The range of words included in the two volumes should more than satisfy anyone but the odd specialist scholar. There is a wide range of scientific words - including floccinaucinihilipilification, a word made famous by television quiz games a few years ago. There is extensive coverage of non-English English. You'll find recent additions to the language - 'Taliban', and 'Prozac', and 'Jedi'. You even get 'grassy knoll', 'road rage', 'snail mail', and 'text message'. These last four demonstrate how quickly words and phrases can be absorbed into everyday usage - and 'grassy knoll' reminds you that words don't just have a definition, they have a context.
It's here that the "Shorter Oxford" exerts its authority and establishes its pre-eminent role as the best dictionary available to the general public. It doesn't just provide sound definition - a lot of excellent dictionaries do that. The "Shorter Oxford" delivers an authoritative description and analysis of the word in context, going beyond comprehensive definition. If you love words, there is endless enjoyment in simply sitting reading this dictionary. I regularly pluck a volume off the shelf to check a meaning ... then find myself engrossed. Get a life? Try looking that up in the dictionary.

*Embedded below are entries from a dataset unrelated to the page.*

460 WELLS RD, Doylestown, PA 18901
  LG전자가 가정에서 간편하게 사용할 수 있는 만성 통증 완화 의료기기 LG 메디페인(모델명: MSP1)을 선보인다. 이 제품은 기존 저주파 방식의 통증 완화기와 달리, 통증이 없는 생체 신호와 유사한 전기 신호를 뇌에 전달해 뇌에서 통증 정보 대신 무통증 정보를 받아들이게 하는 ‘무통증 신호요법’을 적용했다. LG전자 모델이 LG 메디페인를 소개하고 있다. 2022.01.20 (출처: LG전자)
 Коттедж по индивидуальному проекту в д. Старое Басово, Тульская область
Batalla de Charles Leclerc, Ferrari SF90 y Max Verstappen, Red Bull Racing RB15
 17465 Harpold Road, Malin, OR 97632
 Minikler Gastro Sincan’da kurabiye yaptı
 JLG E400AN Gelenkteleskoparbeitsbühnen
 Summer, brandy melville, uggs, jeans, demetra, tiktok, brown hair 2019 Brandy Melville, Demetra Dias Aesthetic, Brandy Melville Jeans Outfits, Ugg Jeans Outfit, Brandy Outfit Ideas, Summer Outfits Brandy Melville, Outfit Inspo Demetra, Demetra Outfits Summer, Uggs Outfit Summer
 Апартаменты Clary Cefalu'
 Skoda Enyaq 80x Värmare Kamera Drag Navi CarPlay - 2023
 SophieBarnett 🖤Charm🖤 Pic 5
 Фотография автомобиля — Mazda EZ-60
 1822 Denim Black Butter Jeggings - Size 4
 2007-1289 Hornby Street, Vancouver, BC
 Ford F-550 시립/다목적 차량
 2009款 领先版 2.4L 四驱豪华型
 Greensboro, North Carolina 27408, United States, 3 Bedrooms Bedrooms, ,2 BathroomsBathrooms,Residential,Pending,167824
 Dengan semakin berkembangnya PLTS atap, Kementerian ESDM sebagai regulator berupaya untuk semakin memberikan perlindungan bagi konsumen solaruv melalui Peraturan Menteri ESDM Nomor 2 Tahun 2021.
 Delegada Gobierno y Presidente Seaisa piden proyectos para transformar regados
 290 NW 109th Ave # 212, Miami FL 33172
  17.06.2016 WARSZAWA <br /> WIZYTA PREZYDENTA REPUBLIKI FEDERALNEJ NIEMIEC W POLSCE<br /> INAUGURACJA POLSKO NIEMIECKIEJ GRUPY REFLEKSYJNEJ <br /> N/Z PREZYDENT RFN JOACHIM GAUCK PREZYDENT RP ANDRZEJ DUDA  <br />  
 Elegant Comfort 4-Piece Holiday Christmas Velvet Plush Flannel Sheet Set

Not the cheapest of packages, but undoubtedly the best. This is the dictionary to which you should aspire. Beautifully printed (though you may find you need glasses to read the small print), highly accessible, fine quality paper (flimsy, yet very durable), and with that added cachet of gravitas and intellectual respectability which will impress visitors! Combining CD-ROM and books makes this a doubly useful package - the two volumes will not fit comfortably on your average desk-top, and certainly not in a drawer, but having the CD running while you write at your computer is very useful. A substantial package, not portable by any means, but solid and homely, and a treasure to own.